- Pitcher
- Born: December 31, 1992 (age 33) La Verne, California, U.S.
- Batted: LeftThrew: Left

MLB debut
- August 9, 2018, for the Atlanta Braves

Last MLB appearance
- August 9, 2018, for the Atlanta Braves

MLB statistics
- Win–loss record: 0-0
- Earned run average: 18.00
- Strikeouts: 2
- Stats at Baseball Reference

Teams
- Atlanta Braves (2018);

= Adam McCreery =

American baseball player (born 1992)

Adam Glenn McCreery (born December 31, 1992) is an American former professional baseball pitcher. He has played in Major League Baseball (MLB) for the Atlanta Braves.

==Career==
===Amateur===
McCreery attended Bonita High School in La Verne, California. He was drafted by the Minnesota Twins in the 14th round of the 2011 MLB draft, but did not sign and instead chose to play college baseball, first at Arizona State University for 2 seasons, then at Azusa Pacific University.

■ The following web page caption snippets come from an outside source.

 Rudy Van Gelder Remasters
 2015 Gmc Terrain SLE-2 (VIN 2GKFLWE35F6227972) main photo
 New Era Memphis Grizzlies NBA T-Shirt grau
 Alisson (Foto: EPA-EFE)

In 2012, he played collegiate summer baseball with the Cotuit Kettleers of the Cape Cod Baseball League.

===Atlanta Braves===
He was then drafted by the Los Angeles Angels in the 22nd round of the 2014 MLB draft and signed. He made his professional debut that same season with the AZL Angels and spent the whole season there, going 1-1 with a 4.58 ERA in 19.2 innings pitched. He returned there in 2015 where he posted a 2.41 ERA in 18.2 innings pitched. He began 2016 in extended spring training.

In May 2016, the Angels traded McCreery to the Atlanta Braves for Jhoulys Chacín. He spent the season with both the Danville Braves and Rome Braves, pitching to a combined 2-3 record and 4.19 ERA in 22 relief appearances. In 2017, he pitched for Rome and the Florida Fire Frogs, compiling a combined 3-1 record and 2.74 ERA in 62.1 relief innings pitched.

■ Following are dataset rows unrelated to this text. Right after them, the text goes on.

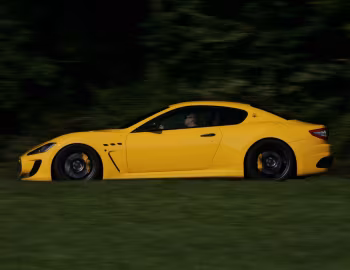 Novitec Tridente Maserati GranTurismo MC Stradale '2011–13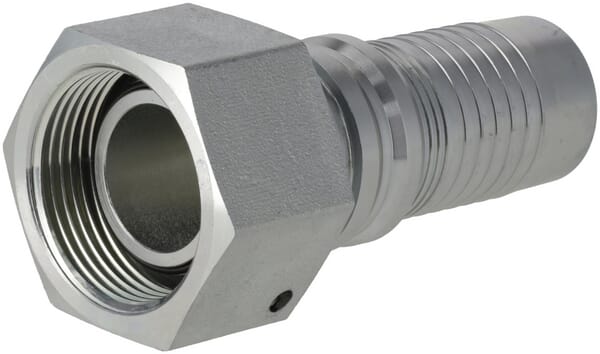 Raccord à sertir 4SH-DN32-1,1/4" BSP · réf. DKRH3220G2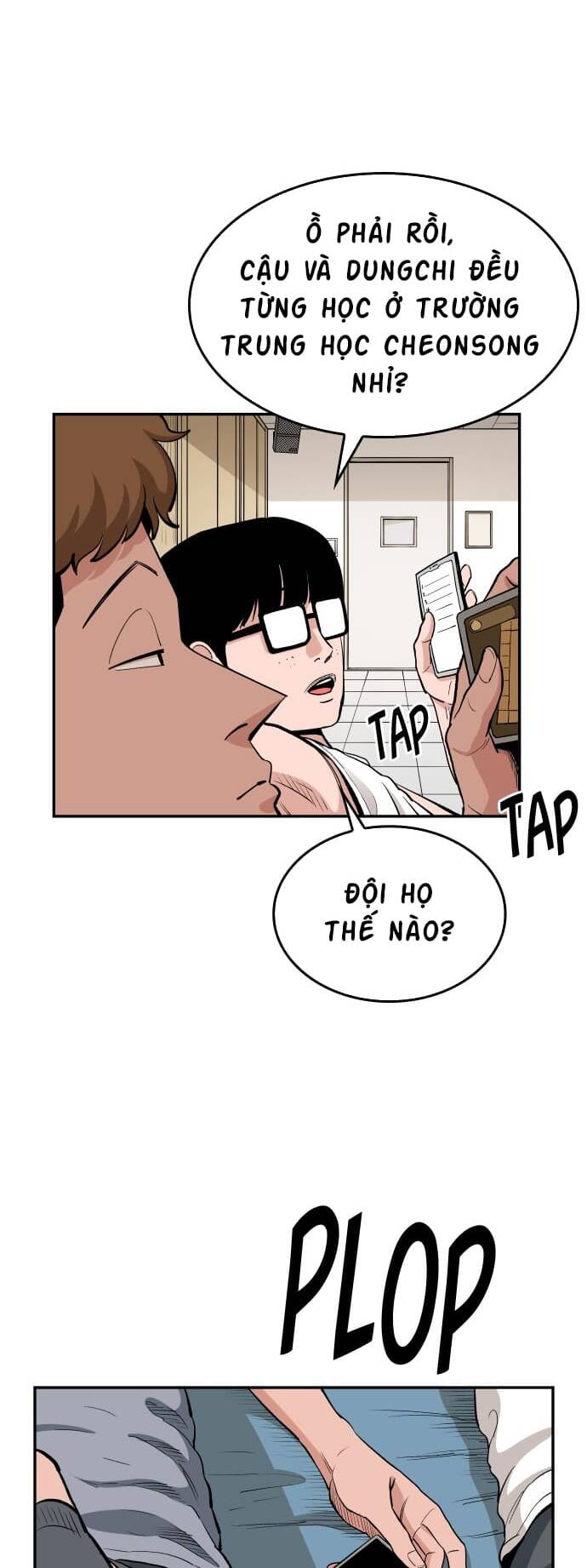 Sân Cỏ Chiến Kí - Chapter 61 - Page 40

The Braves added him to their 40-man roster after the 2017 season. He began 2018 with the Mississippi Braves. On August 5, 2018, McCreery joined the Gwinnett Stripers. He pitched in one International League game before a promotion to the major leagues on August 7. On August 9, 2018, McCreery made his major league debut against the Washington Nationals.

===Los Angeles Dodgers===
McCreery was traded to the Los Angeles Dodgers for cash considerations on November 28, 2018.

===Los Angeles Angels===
July 12, 2019, McCreery and Josh Thole were traded to the Los Angeles Angels in exchange for cash considerations. He was promoted to the major league roster on July 29, 2019 but one day later - July 30, 2019 - he was designated for assignment. McCreery was released on August 19.

===Kansas City Monarchs===
On February 22, 2021, McCreery signed with the Kansas City Monarchs of the American Association of Professional Baseball. However, he never appeared in a game for the club, and was released on August 25, 2021.